Des femmes sans abri sous les dorures de la République. Anne Hidalgo ne pouvait prendre initiative plus symbolique pour frapper les esprits. Dans un entretien au JDD, daté du 14 octobre, la maire de Paris annonce l'ouverture en novembre d'" une halte " de nuit et de jour, pérenne, " dans l'Hôtel de Ville de Paris " pour " une cinquantaine de femmes " sans abri qui, par grand froid, " pourront être jusqu'à une centaine ". Au total, Mme Hidalgo s'engage à ouvrir 700 places d'hébergement d'ici " début 2019 " dans des batiments municipaux, surtout à l'ouest de Paris, qui s'ajouteront aux 800 nouvelles créées dans des lieux appartenant à la municipalité depuis février. La capitale compte quelque 10 000 places aujourd'hui.
Tout en faisant de la prise en charge des plus démunis un marqueur de sa politique, Mme Hidalgo met le gouvernement au pied du mur. Le 15 février, la maire de Paris avait déjà organisé
" une nuit de la solidarité " qui avait permis à quelque 2 000 Parisiens de recenser 3 035 sans-abri dans les rues de la capitale. Cette opération était une pierre dans le jardin d'Emmanuel Macron qui, en juillet 2017, avait déclaré qu'
" il - ne voulait -
plus personne dans les rues d'ici la fin de l'année ". En mars, le chef de l'Etat avait reconnu son échec en la matière.
" La moitié du chemin "Mme Hidalgo revient donc à la charge. En se fondant sur le décompte du 15 février, elle estime qu'
" il manque près de 3 000 places d'hébergement d'urgence dans la capitale. Je me suis engagée à ce que la Ville fasse la moitié du chemin. L'Etat est chargé de créer les 1 500 autres ", prévient-elle. Pour ce faire, elle propose que l'hôpital du Val-de-Grâce que l'Etat a fermé, dans le 5e arrondissement, puisse accueillir
" en attendant sa réhabilitation " des
" personnes à la rue "." Pour l'instant, je n'ai pas eu de réponse ", insiste-t-elle.

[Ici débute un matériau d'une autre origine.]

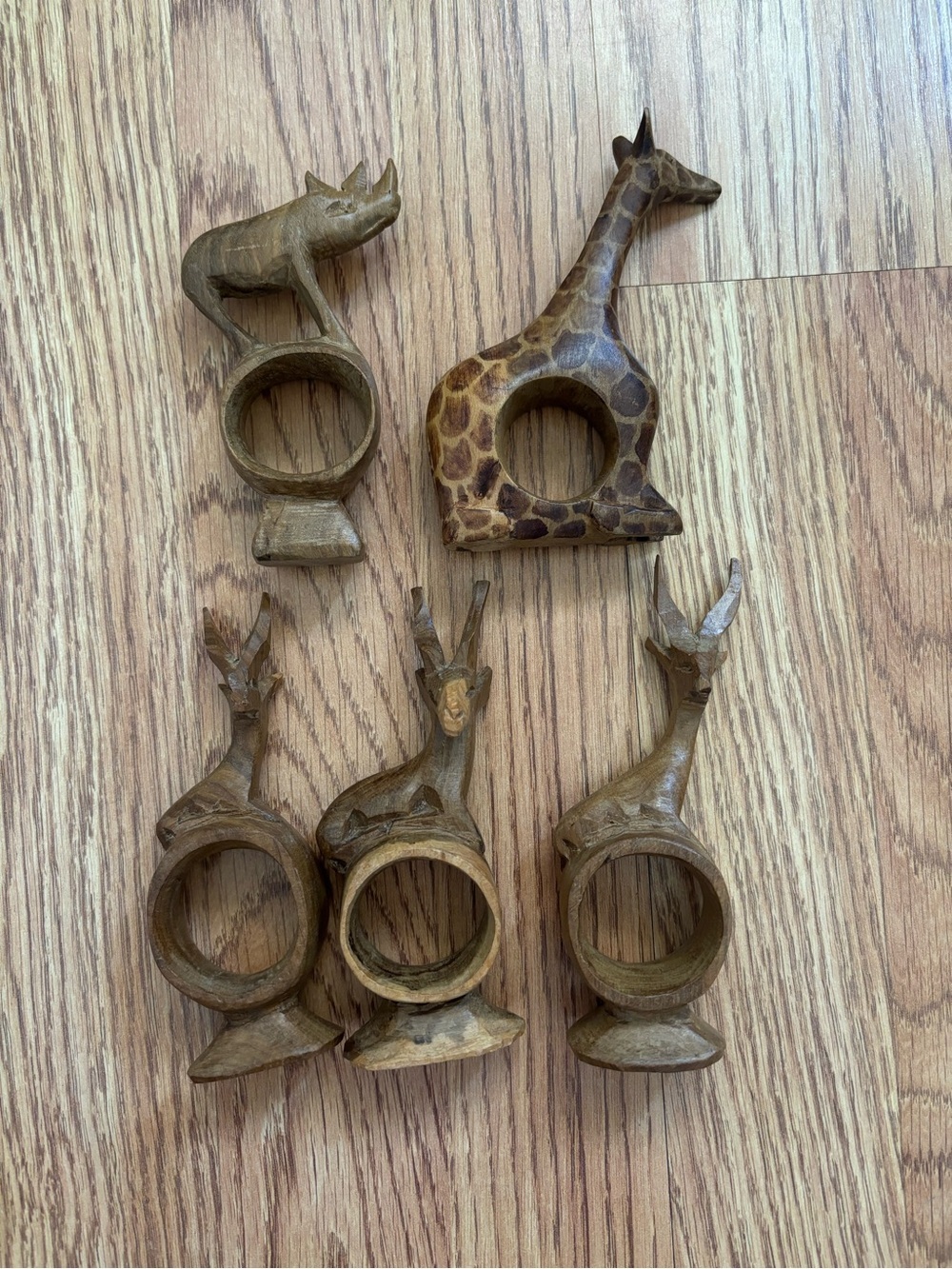 Hand-Carved Animal Napkin Rings Set — Brown Wood Safari Motif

Les annonces de la maire de Paris ont soulevé peu de réactions dans les rangs de la Macronie. Plutôt un silence gêné de la part des ministres concernés ou des députés de Paris.
" On ne va pas tomber dans le piège qu'elle nous tend en critiquant frontalement ses annonces ", arguait, dimanche, un élu La République en marche (LRM) de Paris. Le député de Paris, Pacôme Rupin, à la tête du " comité de pilotage " de LRM dans la capitale, estime même que cette proposition représente
" un symbole intéressant ". Mais il regrette que "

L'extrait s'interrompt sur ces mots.